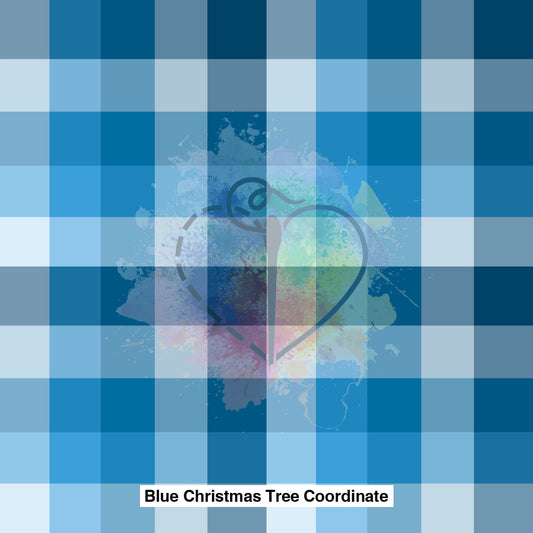 Blue Christmas Tree Coordinate Lfs Catalog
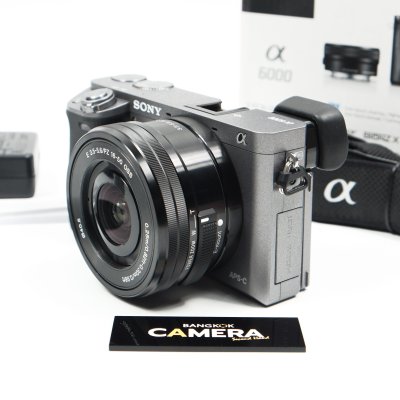 Sony A6000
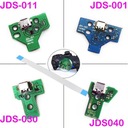 Zásuvka USB doska Pada DS4 PS4 JDS-001 + páska EAN (GTIN) 5902983207542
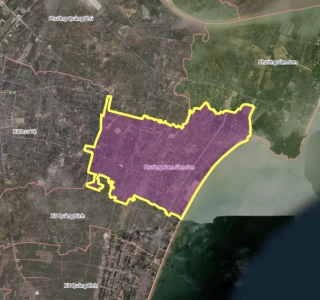 Bản đồ quy hoạch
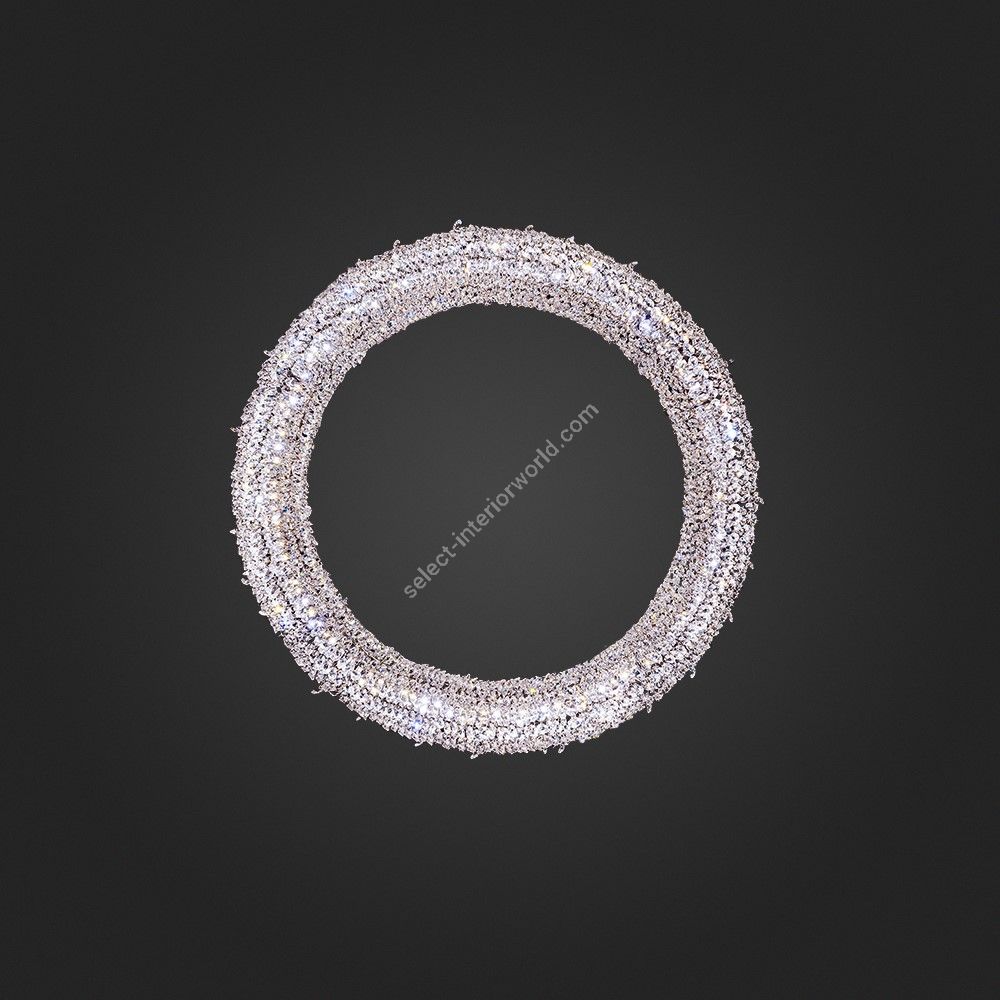 Manooi / Crystal chandelier / Crystalight Comet Circle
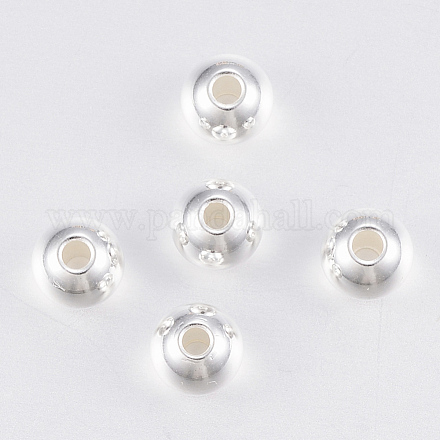 304 Stainless Steel Beads X-STAS-H394-03S-1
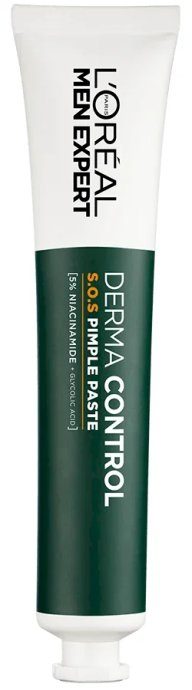 L'Oréal Paris Men Expert Derma Control S.O.S akneplaastr 45 ml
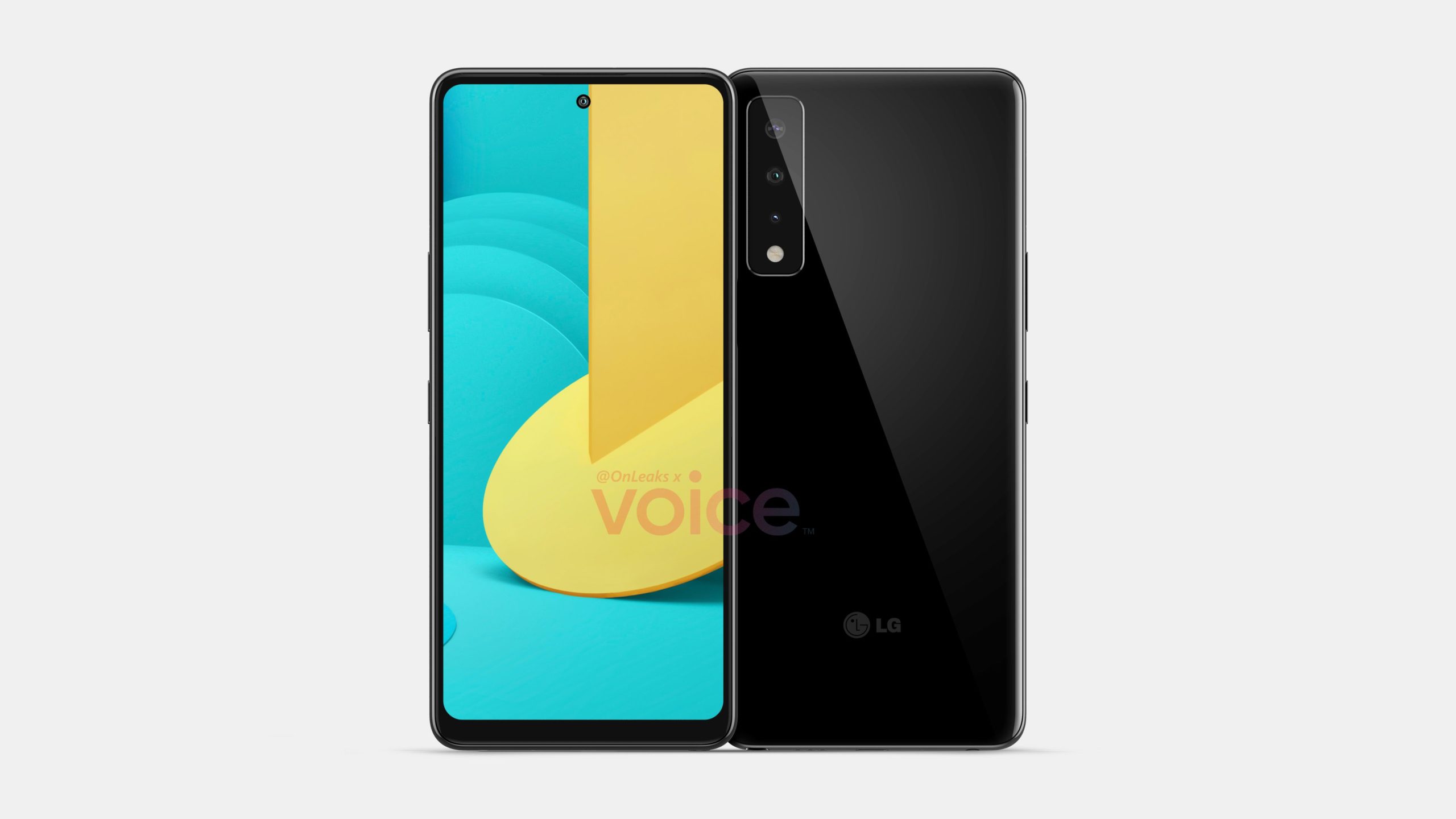 LG Stylo 7: Erste Render-Bilder und Daten vom Smartphone mit Stift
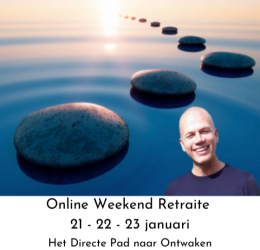 Online Weekend Retraite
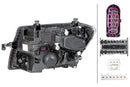 HELLA 1LB 012 830-031 FF-Headlight - left - fits VW Crafter Box (SY_, SX_)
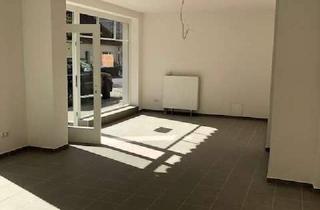 Gewerbeimmobilie mieten in Käthe-Kollwitz-Straße 15, 14943 Luckenwalde, Tolle Gewerbeeinheit mit eigenem Eingang sucht neuen MIETER!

+ + + + +

REQUIRED ACTION
Print all the material above exactly, and drop the images.

RESPONSE FOR THIS EXERCISE
 Blue Christmas Tree Coordinate Lfs Catalog
 Sony A6000
 Zásuvka USB doska Pada DS4 PS4 JDS-001 + páska EAN (GTIN) 5902983207542
 Bản đồ quy hoạch
 Manooi / Crystal chandelier / Crystalight Comet Circle
 304 Stainless Steel Beads X-STAS-H394-03S-1
 L'Oréal Paris Men Expert Derma Control S.O.S akneplaastr 45 ml
 LG Stylo 7: Erste Render-Bilder und Daten vom Smartphone mit Stift
 Online Weekend Retraite
 HELLA 1LB 012 830-031 FF-Headlight - left - fits VW Crafter Box (SY_, SX_)
 Gewerbeimmobilie mieten in Käthe-Kollwitz-Straße 15, 14943 Luckenwalde, Tolle Gewerbeeinheit mit eigenem Eingang sucht neuen MIETER!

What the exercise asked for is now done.